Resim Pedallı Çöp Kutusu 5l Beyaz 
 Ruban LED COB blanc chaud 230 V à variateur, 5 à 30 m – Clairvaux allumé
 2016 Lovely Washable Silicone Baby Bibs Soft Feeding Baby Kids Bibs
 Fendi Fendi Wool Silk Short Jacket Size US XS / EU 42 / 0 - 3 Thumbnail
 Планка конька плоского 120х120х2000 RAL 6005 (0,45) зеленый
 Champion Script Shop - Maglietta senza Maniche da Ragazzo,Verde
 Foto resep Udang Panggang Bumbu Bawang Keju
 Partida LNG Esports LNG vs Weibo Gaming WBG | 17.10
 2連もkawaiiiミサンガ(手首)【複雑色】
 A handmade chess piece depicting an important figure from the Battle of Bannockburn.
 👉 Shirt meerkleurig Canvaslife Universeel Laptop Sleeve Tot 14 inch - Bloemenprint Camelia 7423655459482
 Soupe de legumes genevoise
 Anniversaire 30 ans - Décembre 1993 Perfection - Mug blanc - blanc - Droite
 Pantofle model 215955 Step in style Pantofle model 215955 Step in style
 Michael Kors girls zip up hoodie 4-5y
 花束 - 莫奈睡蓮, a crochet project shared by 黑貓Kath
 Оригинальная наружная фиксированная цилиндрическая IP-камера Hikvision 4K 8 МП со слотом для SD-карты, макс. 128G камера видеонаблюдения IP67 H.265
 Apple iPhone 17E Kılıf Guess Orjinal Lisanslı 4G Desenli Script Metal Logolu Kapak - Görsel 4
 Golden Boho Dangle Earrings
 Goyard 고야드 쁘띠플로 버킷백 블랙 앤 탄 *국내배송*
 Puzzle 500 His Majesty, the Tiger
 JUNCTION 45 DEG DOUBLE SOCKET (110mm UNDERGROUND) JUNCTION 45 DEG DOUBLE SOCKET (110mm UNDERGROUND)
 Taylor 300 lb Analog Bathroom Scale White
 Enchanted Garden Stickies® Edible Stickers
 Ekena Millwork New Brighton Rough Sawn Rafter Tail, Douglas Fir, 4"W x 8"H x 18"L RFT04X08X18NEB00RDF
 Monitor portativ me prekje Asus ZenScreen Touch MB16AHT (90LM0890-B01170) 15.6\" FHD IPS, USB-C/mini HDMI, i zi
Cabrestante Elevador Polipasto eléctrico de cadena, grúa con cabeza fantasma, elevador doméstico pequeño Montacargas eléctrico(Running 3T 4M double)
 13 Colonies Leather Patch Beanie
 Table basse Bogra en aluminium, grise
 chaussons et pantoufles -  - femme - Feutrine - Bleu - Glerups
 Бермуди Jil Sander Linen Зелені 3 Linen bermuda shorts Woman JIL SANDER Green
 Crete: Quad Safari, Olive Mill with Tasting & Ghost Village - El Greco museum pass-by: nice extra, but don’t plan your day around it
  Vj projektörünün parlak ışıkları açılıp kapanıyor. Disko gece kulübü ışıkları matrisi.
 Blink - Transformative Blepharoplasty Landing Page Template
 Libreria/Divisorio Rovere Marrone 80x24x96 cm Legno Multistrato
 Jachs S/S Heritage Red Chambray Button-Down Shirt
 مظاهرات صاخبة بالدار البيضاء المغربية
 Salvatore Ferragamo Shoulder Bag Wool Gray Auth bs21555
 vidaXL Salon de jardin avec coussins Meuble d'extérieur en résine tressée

+++++

> _Exercise goal_: Please return exactly the lines from the first line of the material through the one with "Планка конька плоского", and no lines after it.

> _Worked solution_:
Resim Pedallı Çöp Kutusu 5l Beyaz 
 Ruban LED COB blanc chaud 230 V à variateur, 5 à 30 m – Clairvaux allumé
 2016 Lovely Washable Silicone Baby Bibs Soft Feeding Baby Kids Bibs
 Fendi Fendi Wool Silk Short Jacket Size US XS / EU 42 / 0 - 3 Thumbnail
 Планка конька плоского 120х120х2000 RAL 6005 (0,45) зеленый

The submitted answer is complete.